January 5th, 2008

Data And The Future Of The Web

by

After I asserted several times that data is the key to the future of the web, Umair Haque gave my head a good spin by asserting that data is in fact a commodity. Umair is half right — we are increasingly overrun by data, and SOME of it is a commodity. The commodity data is precisely what Google has harnessed, which makes Google so powerful — the data on the open web.

Google has perfected value creation from harvesting the open web, primarily text content and links between that content, which allows Google to evaluate and prioritize that text content. It is unlikely that anyone will beat Google at this game.

The data that is not a commodity (yet) is data that is NOT freely available on the web, e.g. the personal data we put on walled-garden social networking sites like Facebook.

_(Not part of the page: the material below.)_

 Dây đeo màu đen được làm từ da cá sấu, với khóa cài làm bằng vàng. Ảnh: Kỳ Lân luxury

It’s data about our lives that we choose to share only with friends and family, not with the whole world. It’s personal identification data, like birthday, address, and phone number, which we don’t want to share on the open web. It’s our searching habits, our purchase habits, our surfing habits, everything we do online.

But personal data is only one example of the larger category of data that is not shared on the open web. It’s the data that’s still in our heads, the data that we have not put in digital form.

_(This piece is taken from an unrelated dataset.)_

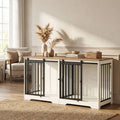 Meuble-cage-pour-chien-doublepetit et moyenne taille-cage 136 cm bois foncé et blanc, 4 portes avec 2 portes avant coulissantes avant en barreaux acier robuste et deux portes latérales en barreaux noir, avec séparateur amovible au milieu, rectangulaire et design moderne, imperméable et robuste avec serrures pour chiot et chien-gros plan sur  le meuble niche avec porte à barreaux avant et séparateur ouverts et portes latérales fermées par serrures et décoration dessus dans le salon de l'appartement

Before social networking applications, this data included the story of our personal relationships — sites like Friendster, MySpace, and Facebook provided a way to capture that data for the first time. These services are so valuable because they became platforms for capturing data that even Google, with it’s army of spiders, couldn’t crawl, because it wasn’t online.

The same is true of Digg. Many Digg users have blogs, where their links to other sites can be read by Google. But before Digg, these people were linking in disconnected patterns. Then there were all the Digg users who did not have blogs or websites, and whose judgments about content on the web were not being captured. Digg, taking its cue from del.icio.us, gave these users a way to make their judgments about content they like explicit.

By capturing those judgments, and combining them, Digg harnessed a powerful data set that was beyond Google’s reach, because before Digg, it didn’t exist on the web — it was all in people’s heads.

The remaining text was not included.